En la misma línea, se posicionaba un estudio de la Universidad de Michigan, publicado en junio del 2007 por la revista Journal Renewable Agriculture and Food Systems, que comparaba la producción agrícola convencional con la ecológica. El informe concluía que las granjas agroecológicas eran altamente productivas y capaces de garantizar la seguridad alimentaria en todo el planeta, contrariamente a la producción agrícola industrializada y el libre comercio. Sus conclusiones indicaban, incluso las estimaciones más conservadoras, que la agricultura orgánica podía proveer al menos tanta comida de media como la que se produce en la actualidad, aunque sus investigadores consideraban, como estimación más realista, que la agricultura ecológica podía aumentar la producción global de comida hasta un 50%.
Varios estudios demuestran como la producción campesina a pequeña escala puede tener un alto rendimiento, a la vez que usa menos combustibles fósiles, especialmente si los alimentos son comercializados local o regionalmente. En consecuencia, invertir en la producción campesina familiar es la mejor opción para luchar contra el cambio climático y acabar con la pobreza y el hambre, garantizando el acceso a los bienes naturales, y más cuando ¾ partes de las personas más pobres del mundo son pequeños campesinos.
En el ámbito de la comercialización se ha demostrado fundamental, para romper con el monopolio de la gran distribución, el apostar por circuitos cortos de comercialización (mercados locales, venta directa, grupos y cooperativas de consumo agroecológico…), evitando intermediarios y estableciendo unas relaciones cercanas entre productor y consumidor, basadas en la confianza y el conocimiento mutuo, que nos conduzcan a una creciente solidaridad entre el campo y la ciudad.
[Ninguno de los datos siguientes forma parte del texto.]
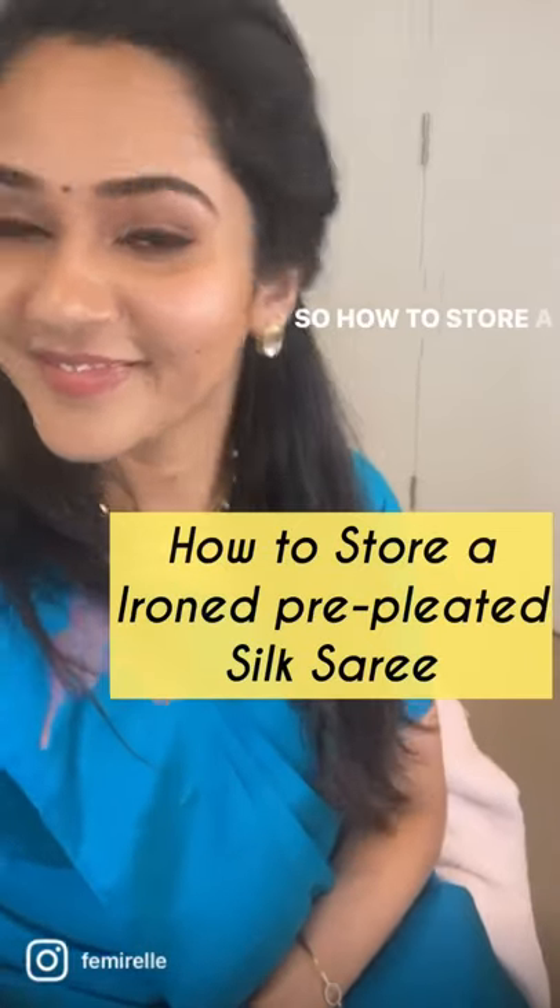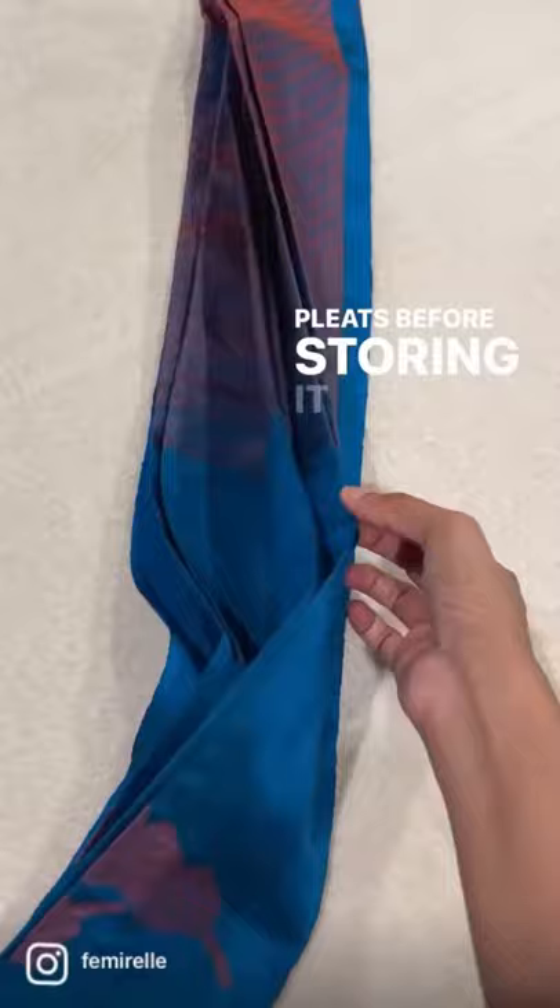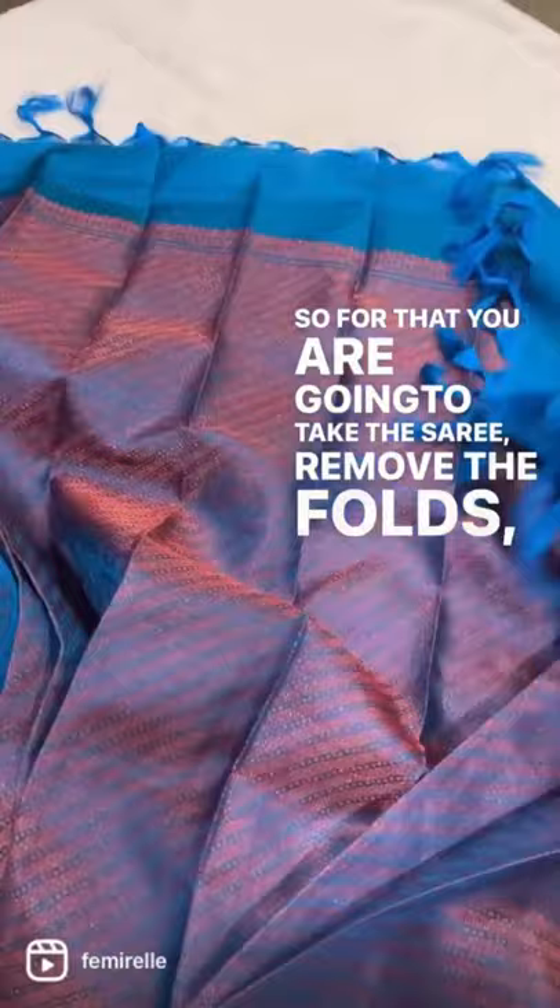So how to store a pre-pleated iron silk saree. Once you're done with pleating your saree and ironing it completely, you have to make sure that you remove the pleats before storing and folding it. So for that you're going to take the saree, remove the folds, remove all the pleats, and then you'll notice all these lines on the saree.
En este sentido es necesario que las políticas públicas se hagan eco de las demandas de estos movimientos sociales y apoyen un modelo agrícola local, campesino, diversificado, orgánico y que se prohíban los transgénicos, se promuevan bancos de tierras, una ley de producción artesana, un mundo rural vivo… En definitiva, una práctica política al servicio de los pueblos y del ecosistema.
*Artículo publicado como epílogo del libro ‘Qué son los transgénicos’ de Jorge Riechmann (RBA Libros, 2011).